Charles J. Van Schaick sitting on a stone balustrade in front of a painted background, ca. 1882–1885. The photograph was probably taken by one of his assistants, Louis Sander, A. R. Cottrell, or S. Wohl.

The building that housed the gallery of Van Schaick and the dental offices of Edward F. Long, ca. 1890. Over the years, the building also accommodated a newspaper office and a telephone company.

Skilled in his craft, Van Schaick generally adhered to the same methods throughout his career. This included using primarily glass plate negatives rather than film negatives. Glass plate negatives consist of glass with a coating of a light-sensitive emulsion, while film negatives of the period have emulsion coated on a transparent flexible plastic material, usually nitrocellulose.
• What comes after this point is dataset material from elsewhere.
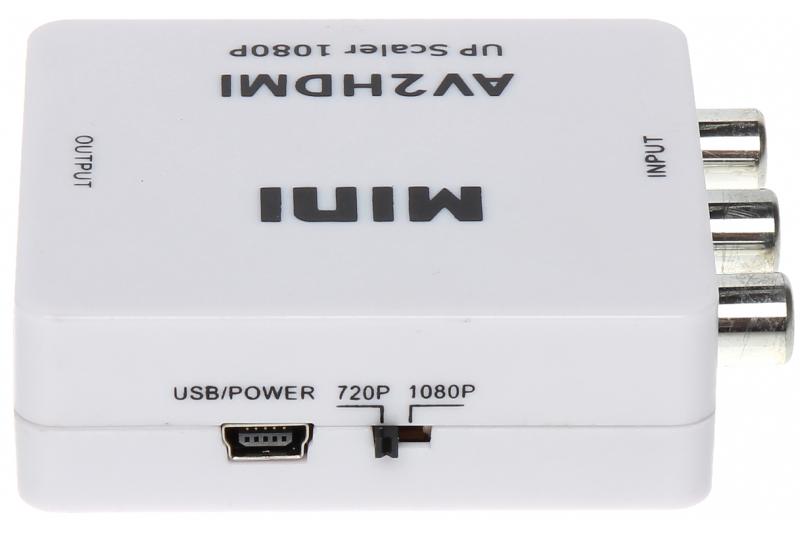 AV 3 x RCA Phono Composite Video to HDMI Adapter (USB Powered)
Widely available after 1890, film negatives weighed considerably less and occupied less space than glass plate negatives, and proved instrumental in the development of portable cameras for amateur photographers.5 Van Schaick would routinely retouch the emulsion of glass plate negatives to remove facial flaws such as pock marks and wrinkles.

Though he did not make the switch to film negatives in his studio work, Van Schaick did not avoid all developments in photographic technology. He made some early experiments in stereoscopic photography, which uses two images captured simultaneously at slightly different positions to produce the appearance of three-dimensionality. He occasionally employed flashlight powder, a mixture of magnesium and other chemicals, which burned quickly to produce a bright white light to illuminate interior photographs. Around 1911, he began using a panoramic camera, which captured images encompassing a field of 140 degrees in 3½ × 12 inch exposures on a film negative (see page 112).

In addition to his photography business, Van Schaick participated in local politics. By June 1893, he became a court commissioner for Jackson County, and in April 1906, voters elected him as a justice of the peace. In this capacity, he served as a judge of a court that heard misdemeanor cases and other petty criminal infractions.

In his photographic work, Van Schaick documented major events in the region. For example, on October 6, 1911, following a month of intermittent rainfall and a continuous deluge the week before, the Black River flooded its banks. The floodwaters washed away eighty-five percent of the downtown district of Black River Falls and destroyed more than eighty buildings. The floodwaters spared his building, so Van Schaick had an advantage in creating photographs of the reconstruction of the downtown district from the vantage point of his gallery. Van Schaick demonstrated the scope of the destruction through photographs he created before and after the flood.6

Despite Van Schaick’s success as a businessman, the role of the town photographer began to lessen around the turn of the twentieth century. Since the 1890s, the development of film negatives and relatively inexpensive cameras had allowed amateur photographers to create their own portraits and views. Despite this, in 1913 Van Schaick sold a group of twenty-seven photographic prints, comprising mostly studio portraits depicting Ho-Chunk, to the Wisconsin Historical Society for $2.20.7 In November 1917, a local newspaper featured the oldest business owners in Black River Falls and stated, “C. J. Van Schaick was ‘making faces’ for the public and still stands by the camera.” Years later, another newspaper article reported that Van Schaick kept an eye on the Black River and he “watched the various moods and tenses of the river as long, if not longer, than anybody else here.”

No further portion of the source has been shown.